Born in Dvinsk, Russia in 1903, Rothko immigrated to Portland, Oregon, United States as a child in 1913 with his family. Later in the 1920s, he moved to New York City and enrolled in the Arts Student League in 1924 and officially began his painting journey. By the 1940s, he continued to develop artistically under the influences of social realism and Surrealism. Following the Second World War, this work eventually led to his famed colour field paintings. Colour field paintings, a term coined by critic Clement Greenberg in 1955, are characterized by a significant open space and an expressive use of colour. Rothko was one of the early adopters of this style in the late 1940s, having first developed his take on it in 1947. Having evolved his paintings from figurative to abstraction, Rothko would compose his works with vertically aligned rectangular forms set within a colour field. These regions of colours applied in many thin layers float on top of coloured backgrounds, creating a sense of dimensionality, transparency and luminosity. 

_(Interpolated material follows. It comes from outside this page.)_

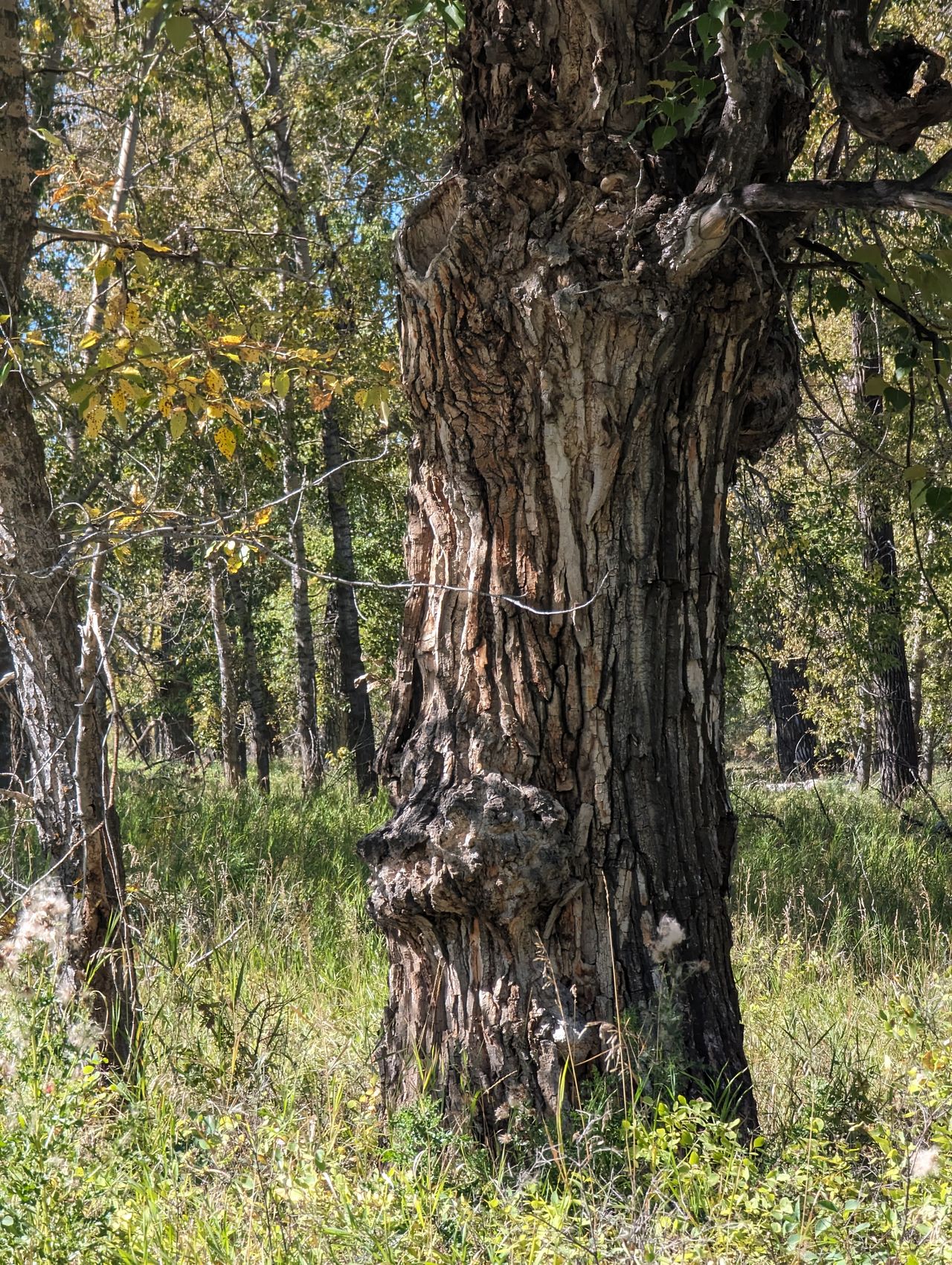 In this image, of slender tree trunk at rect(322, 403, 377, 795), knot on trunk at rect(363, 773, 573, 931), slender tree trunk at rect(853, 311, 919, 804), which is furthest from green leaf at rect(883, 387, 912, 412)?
slender tree trunk at rect(322, 403, 377, 795)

No. 1, White and Red is on view now AGO, a rare opportunity to experience it in person. The painting is included as part of Moments in Modernism, an exhibition which brings together select works from the AGO’s collection of Modern Art. The painting hangs alone in gallery 409 on Level 4 inviting viewers to spend time in quiet contemplation.  It was installed in 2021, however COVID closures prevented the public from seeing it, making this exhibition its first public display at the AGO in over a decade. In the fall of 2023, the painting was a centre focus in the Rothko retrospective at the Fondation Louis Vuitton. 

See No.1, White and Red in Moments of Modernism, on view now at the AGO on Level 4. The exhibition is co-curated by Debbie Johnsen, Manager, Modern and Contemporary Collections, and Stephan Jost, Michael and Sonja Koerner Director, and CEO. Moments in Modernism features work that will form the cornerstone for the expansion of the new Dani Reiss Modern and Contemporary Gallery, starting construction in 2024.  The new building is being designed by architects Diamond Schmitt, Selldorf Architects and Two Row Architect to showcase the AGO's growing collection of modern and contemporary art.